1972年、オーディションでテレビ番組『快傑ライオン丸』のライバル「タイガージョー」こと虎錠之介役に起用されて注目される。主役であるライオン丸を上回る人気を集めた。
同年12月11日夜、同番組のロケの宿泊先である滋賀県彦根市の国民宿舎湖城荘でスタッフと酒席を交わしたのち、風呂場(女湯)に迷い込んだところ誤って転倒、ガラス戸に突っ込んで脇腹を切り、湯船に落ちて出血多量で死亡した。

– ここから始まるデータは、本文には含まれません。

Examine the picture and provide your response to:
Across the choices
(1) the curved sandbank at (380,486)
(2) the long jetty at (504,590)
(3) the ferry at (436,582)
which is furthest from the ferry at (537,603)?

制作者であるピー・プロダクション社長のうしおそうじが事故の報を受け、旅館へ急行したところ、そこには許婚も駆けつけていたという[3]。許婚の女性とは、青俳で出会った後3年越しの交際の末、翌1973年1月3日に結婚し挙式するはずだった[1][4]。また、主演の潮哲也は事故の直前まで酒を呑み交わしており[5][6]、事故の報をスタッフから聞いて駆け付けた際にはすでに死亡した後であり、そのため潮が落胆しているのを知ったスタッフは翌日の撮影を中止している。潮と戸野広は撮影が忙しかったため仕事以外の接点がほとんどなく、二人で会話する機会は彦根ロケが初めてであった[5]。
うしおはその後フジテレビの別所孝治プロデューサーと2人で実家を訪ねたところ父親から「本人が自分で求め選んだ道だから、あの子も本望だったでしょう」と言われたことを、忘れ得ない言葉として語っている[3]。
うしおは戸野広の演技力、人気ぶりに『快傑ライオン丸』の次回作にはぜひ戸野広主演で「タイガージョー」のドラマを作ろうと考えていたという。
『ライオン丸』に出演していた梅地徳彦は「カッコいいという印象だが、シリーズ途中からレギュラー入りしたので、気を遣っている感じだった」と語っており、事故の際はロケに同行していたこともありショックを受けたと述べている[7]。
戸野広の代役としてタイガージョーを演じることになった福島資剛は、劇団青俳で戸野広と共に役者修業をした仲間であり大変親しく、戸野広をあまりにも不憫に思い、代役のオファーを何度も固辞していたが、青俳同期生の説得によって漸く承諾に至ったという[8]。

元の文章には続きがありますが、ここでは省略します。